The display mode of the CT images can be varied and adjusted in such a way as to enhance or suppress information present in the images themselves. It is thus possible to discriminate even small density differences (up to 0.5%) and represent them with different gray levels. This results in a higher contrast resolution than the RX exam.
Axial scans and planar reconstructions
The CT exam provides tomographic images. These are usually axial, that is, they cut the median sagittal axis perpendicularly. They, as we said, eliminate the problem of overlap between the various anatomical structures considered. The sequential evaluation of the axial images of a study allows us to have an overall picture of the anatomical district investigated.
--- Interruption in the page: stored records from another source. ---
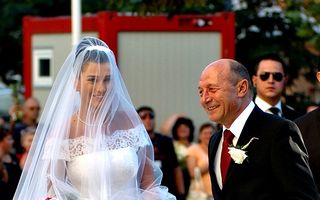 Nunta Elenei Băsescu: Dansul miresei cu preşedintele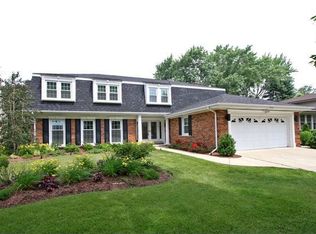 1206 E Crabtree Dr, Arlington Heights, IL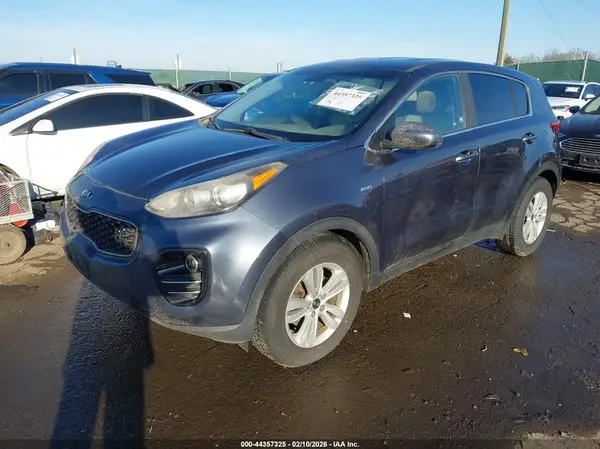 KNDPMCAC5H7284211 2017 KIA SPORTAGE - Image 2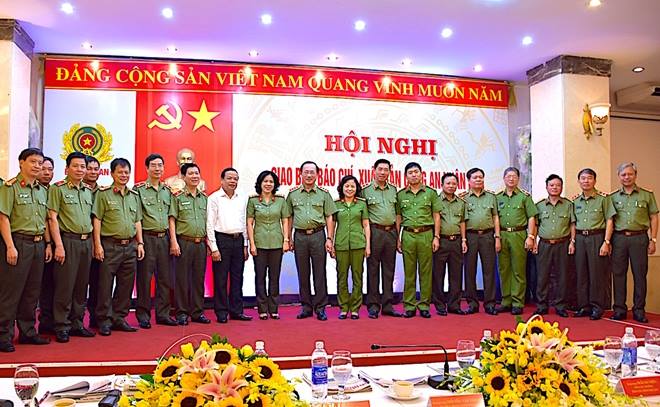 Đồng chí Thượng tướng Nguyễn Văn Thành chụp ảnh lưu niệm với Đại biểu dự Hội nghị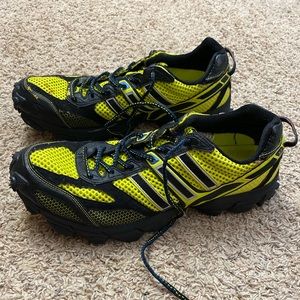 Men’s Adidas Adizero yellow running shoes sneakers
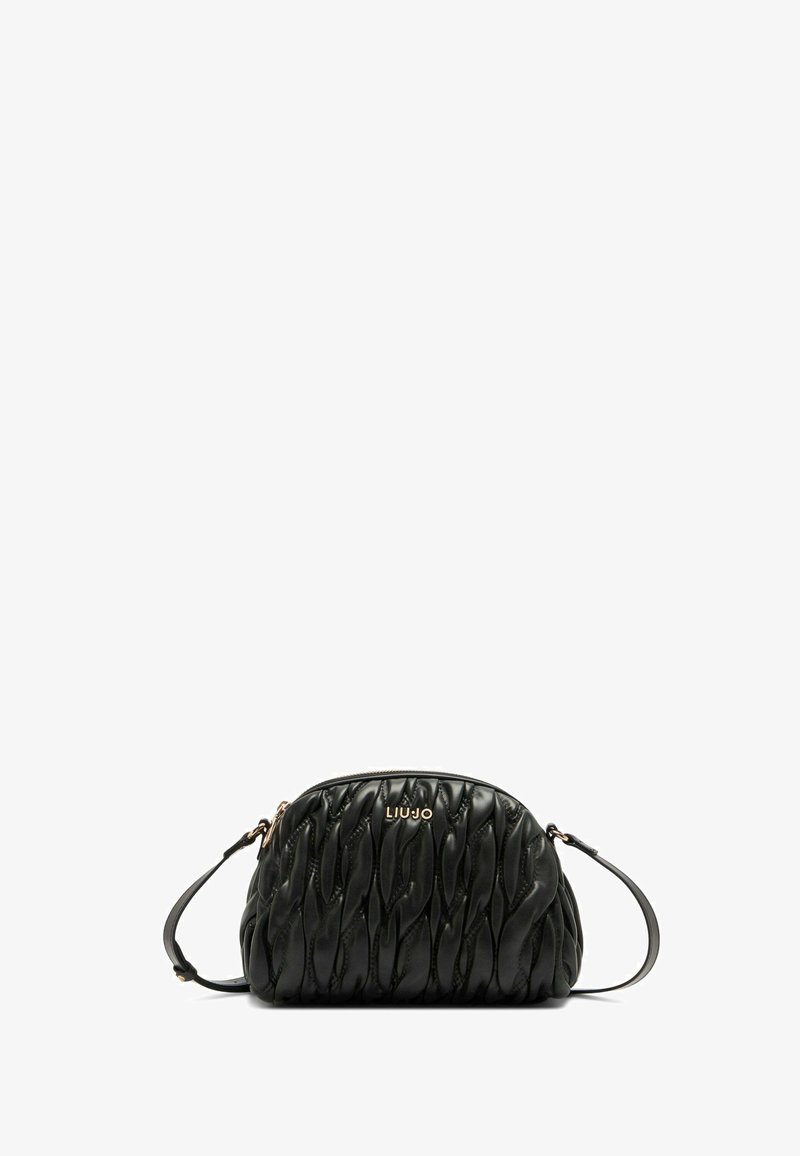 Borsa a tracolla in pelle nera con un design a onde testurizzato, forma arrotondata, logo color oro e una tracolla removibile.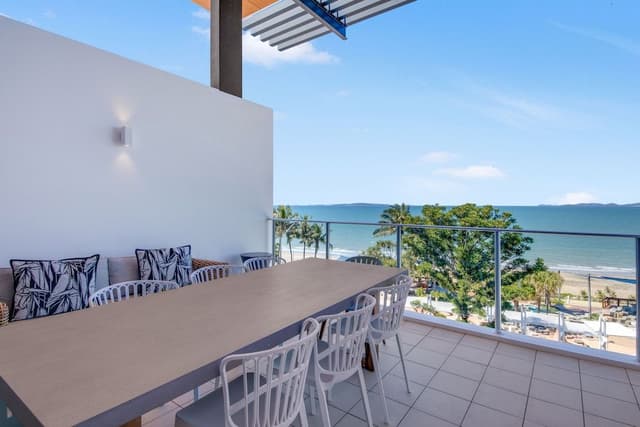 Superior Apartment, 3 Bedrooms, Ocean View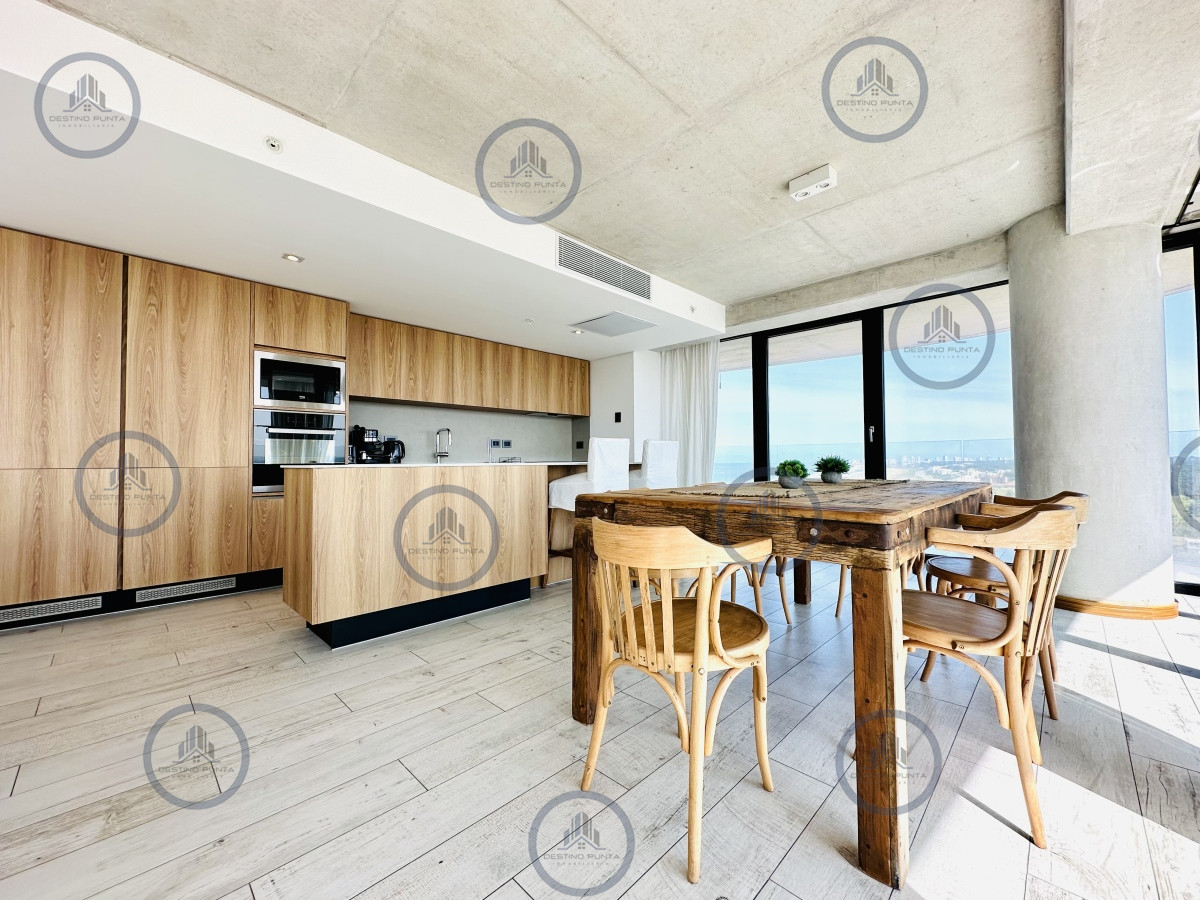 Apartamento ID.680 - Venta y alquiler de Apartamento de 1 Dormitorio en suite piso alto de Torre Surfside Village, Punta del Este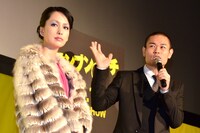 （左から）中島美嘉、品川ヒロシ。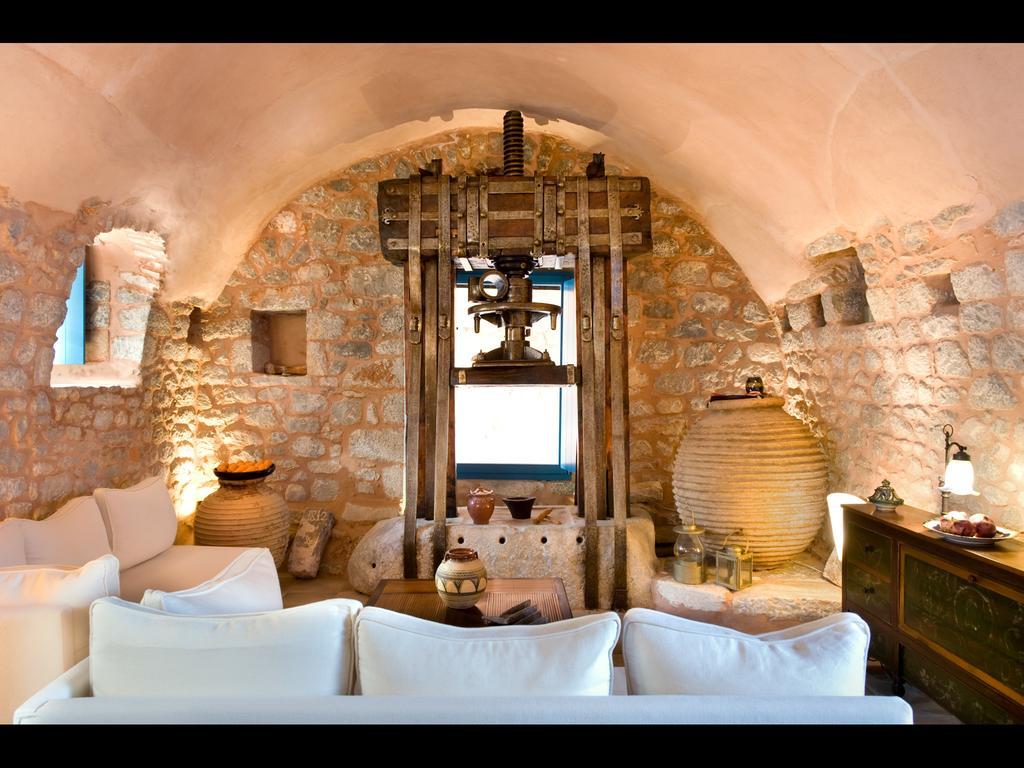 Pírgos Dhiroú Arapakis Historic Castle 아파트 호텔 외부 사진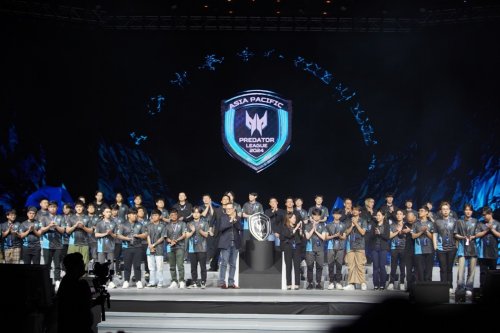 更是他多年 更是他多年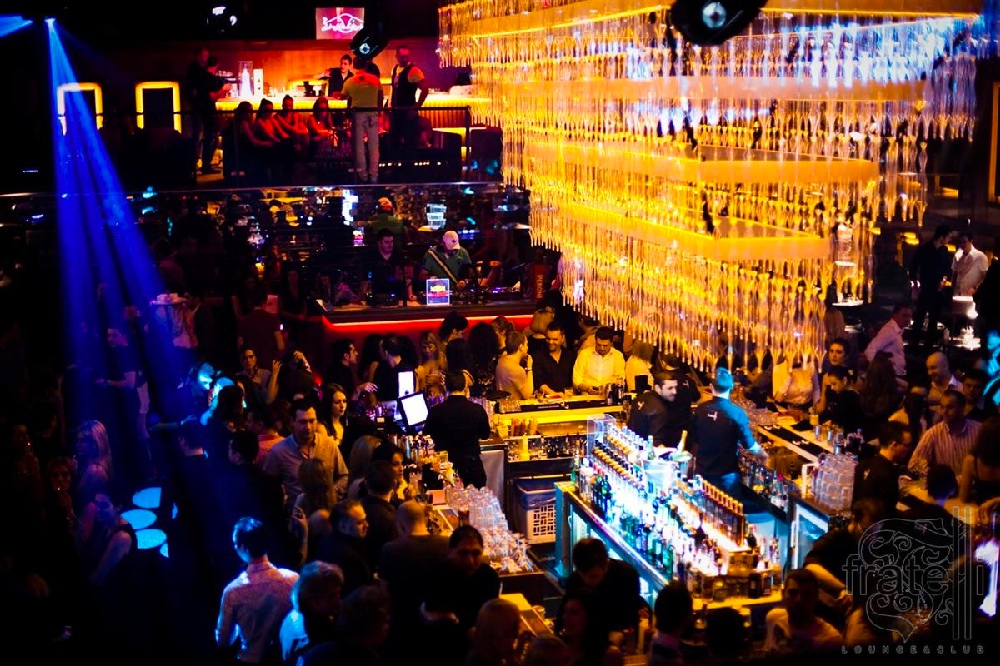 Ý tưởng thiết kế nội thất Bar Fratelli Lounge Constanta 3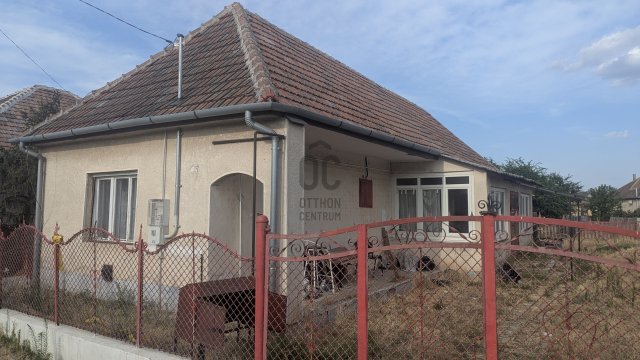 Eladó családi ház, Turán 20.999 M Ft, 2 szobás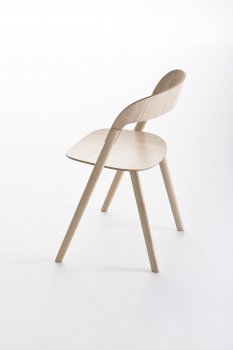 Pila chair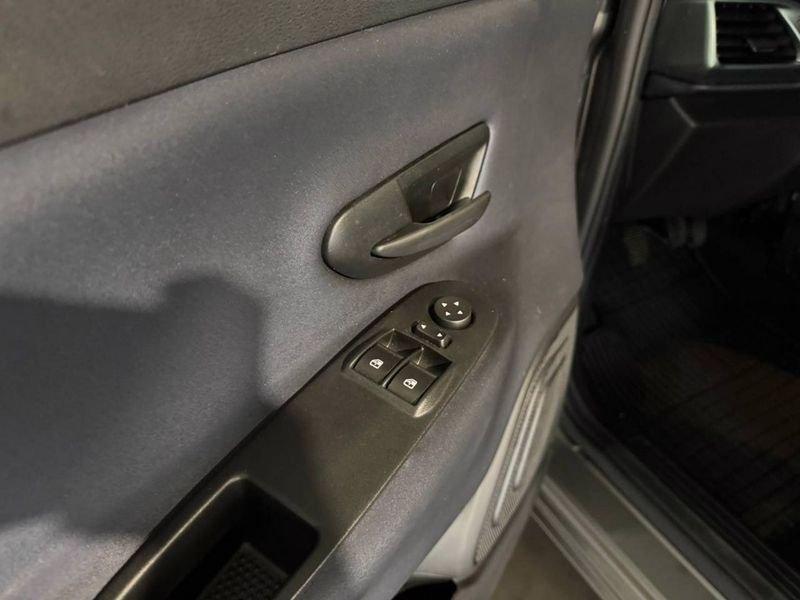 Lancia Ypsilon 3ª serie 1.0 FireFly 5 porte S&S Hybrid Platino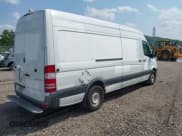 ✅ 2014 Mercedes-Benz Sprinter • VIN: WD3PE8DE2E5897895 • Lot: 42405759. Wystawiony na IAAI z przebiegiem 342 741 mil. Bezpłatny archiwum sprzedaży aukcyjnych z USA i szczegółowy raport historii pojazdu na DreamBid. Zdjęcie 4.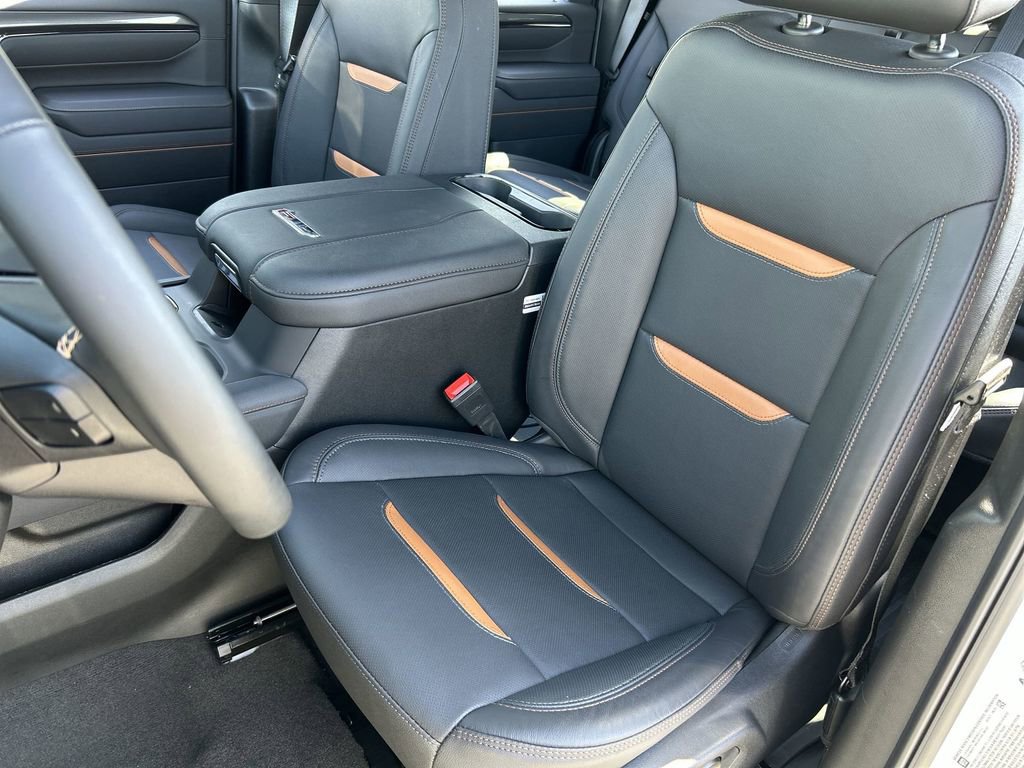 Used 2026 GMC Sierra 3500 AT4 AWD/4WD image 19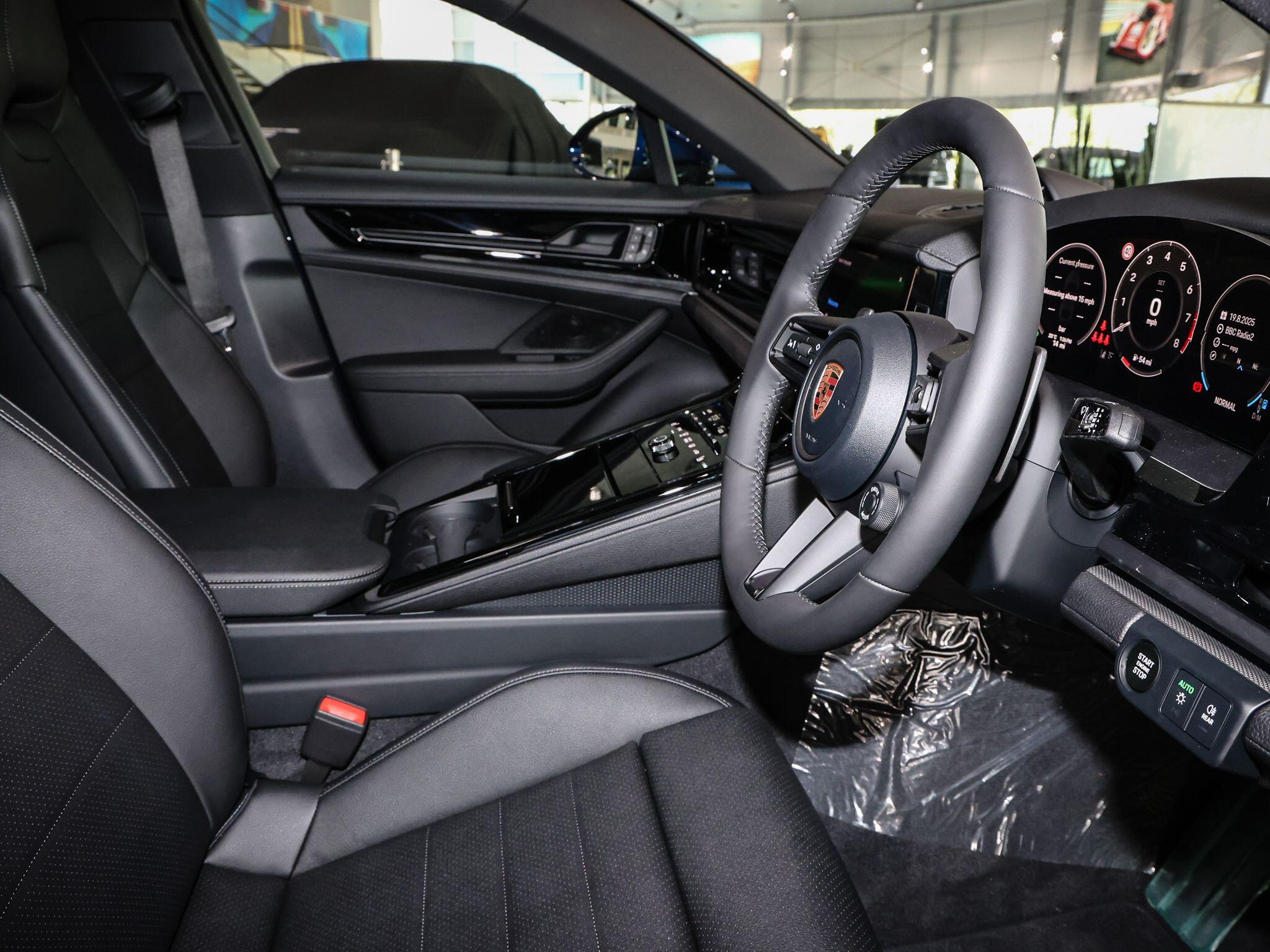 Porsche Panamera view 41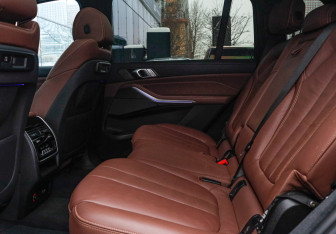 Подержанный автомобиль BMW X7 2021 года (14 фото)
The series of axial images can be reconstructed in order to obtain images along different anatomical planes (sagittal, dorsal, oblique, or even curved) (MPR = Multi Planar Reformation).
3D reconstructions
In addition to planar reconstructions, many post-processing software allows obtaining 3D reconstructions. There are several reconstruction protocols. The most used ones are Maximum Intensity Projection (MIP), Volume Rendering (VR), and Surface Rendering (SR). 3D reconstructions for virtual endoscopies and, for the heart, 4D is possible with the most modern CT devices because they include time.